== Aim of the exercise ==
The following data needs to be repeated exactly, with all images excluded.

== Available data ==
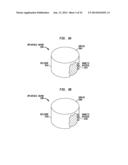 Securable Implantable Component diagram and image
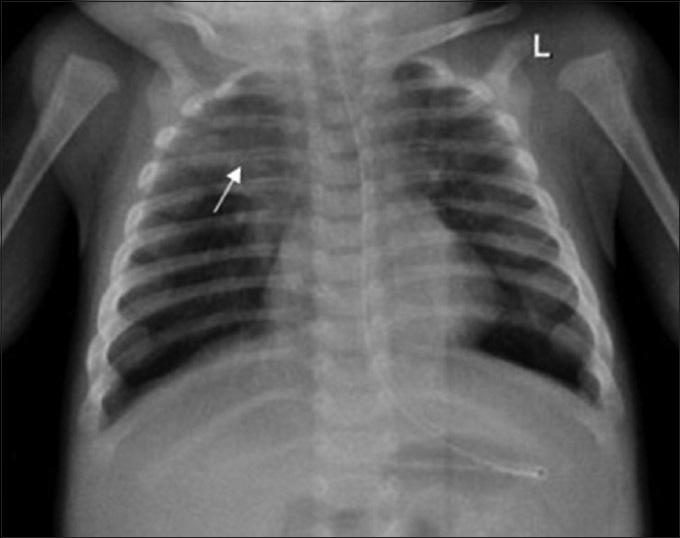 4-month-old infant with cough and expectoration, diagnosed with DiGeorge syndrome. Frontal radiograph shows consolidation involving the right upper zone (arrow).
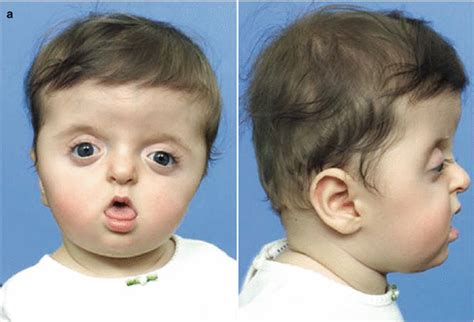 Craniosynostosis and Plagiocephaly | Nurse Key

== Exercise output ==
 Securable Implantable Component diagram and image
 4-month-old infant with cough and expectoration, diagnosed with DiGeorge syndrome. Frontal radiograph shows consolidation involving the right upper zone (arrow).
 Craniosynostosis and Plagiocephaly | Nurse Key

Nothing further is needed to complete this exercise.